Zurich: Swiss mining group Xstrata and commodities giant Glencore said on Monday they had agreed on new terms for their tie-up to create a massive company worth about £53 billion.
“The Glencore directors and the independent Xstrata non-executive directors announce that they have reached agreement on the final terms of a revised recommended all-share merger of equals, on the basis set out in this announcement,” they said in a statement.
The general assemblies of both Swiss companies had been set to approve the blockbuster merger at the beginning of September but the deal ran into major resistance from several Xstrata shareholders demanding better conditions.
Qatar Holding, which is wholly owned by Qatari’s sovereign wealth fund and is the single biggest shareholder in Xstrata with more than 12 percent of its shares, had led the opposition.

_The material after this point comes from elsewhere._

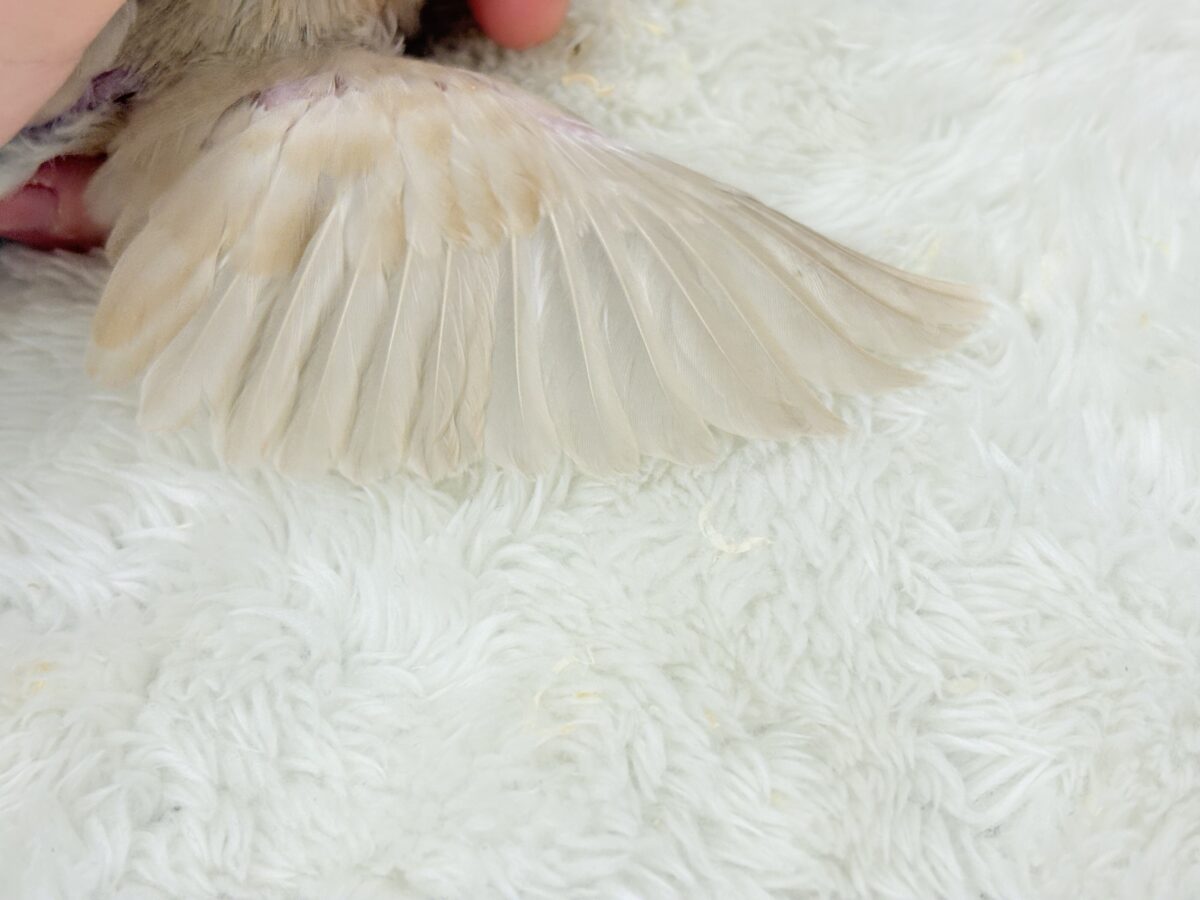 シナモン文鳥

The revised terms mean that Xstrata shareholders will receive 3.05 Glencore shares, which the companies said represents a 17.6-percent premium on the price of the miner’s shares before the merger bid was announced in February.
Xstrata and Glencore want shareholders to vote so the combined company, worth about £53 billion (86 billon euros, $90 billion) can come into being by the end of the year.

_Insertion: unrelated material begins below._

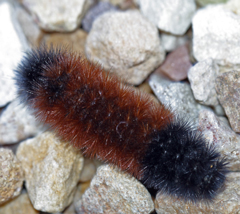 A woolly bear crosses the gravel driveway at the nursery.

Xstrata’s shares rose around 1.5 percent in early trading to 972 pence, while Glencore’s slid 0.6 percent to 341 pence.
A key disagreement that had held threatened the deal, massive retention payments to senior Xstata managers to ensure they remain with the merged company, has been left to shareholders to vote upon.
While a rejection of the payments would not block a merger, the directors of the companies recommended that shareholders back the incentives.

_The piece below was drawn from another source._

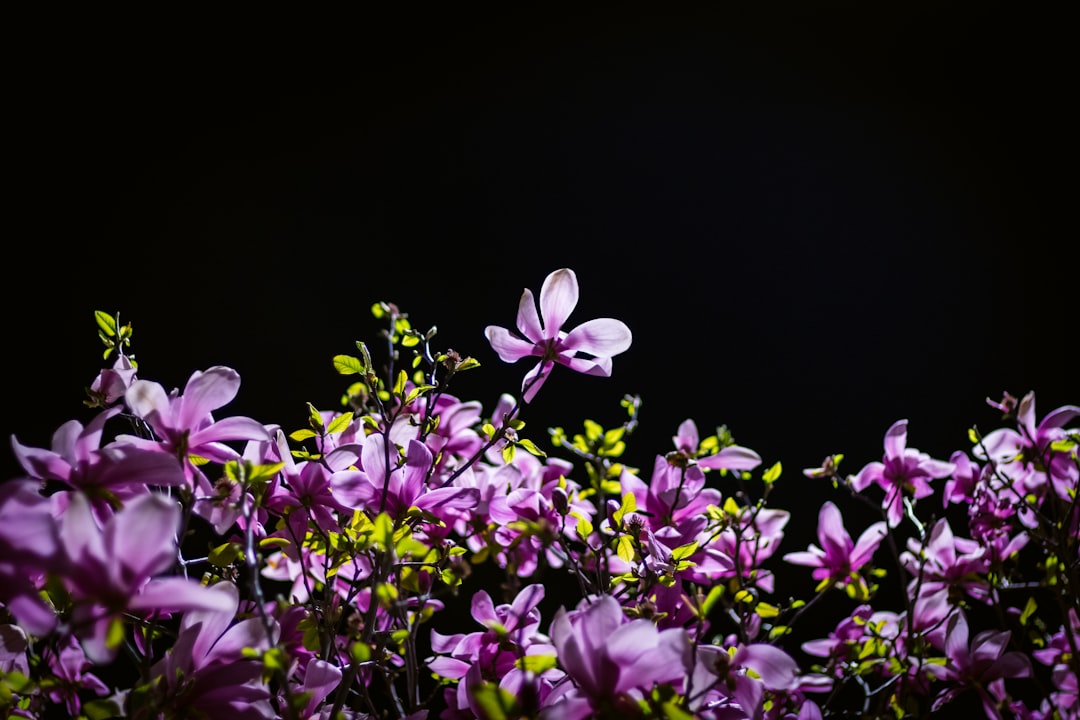 purple and white flowers with black background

“Without the ability to retain key Xstrata managers to run the combined group’s mining operations through the Revised Management Incentive arrangements, the independent Xstrata non-executive directors believe that the value proposition of the combined entity is at risk,” Xstrata non-executive director John Bond said in a statement.
Glencore chief executive Ivan Glasenberg said “their commitment is vital as we look to capture the full synergy and value creation benefits of the transaction and realise the potential of both companies’ strong long-term organic growth plans”.
Bond said the change “will, we believe, enable shareholders to vote in line with their convictions in respect of retention arrangements, without influencing their voting intention on the (merger)”.
The revised deal will see Xstrata chief executive Mick Davis removed from the retention package, saving roughly £29 million. The company had previously planed £173 million in retention payments to 73 senior Xstrata managers, according to Dow Jones Newswires.
The revised deal would also see Xstrata’s Davis lead the combined group for six months then Glencore’s Glasenberg take over as chief executive.
A Xstrata executive would take over Davis’s position as executive director of the merged group’s board.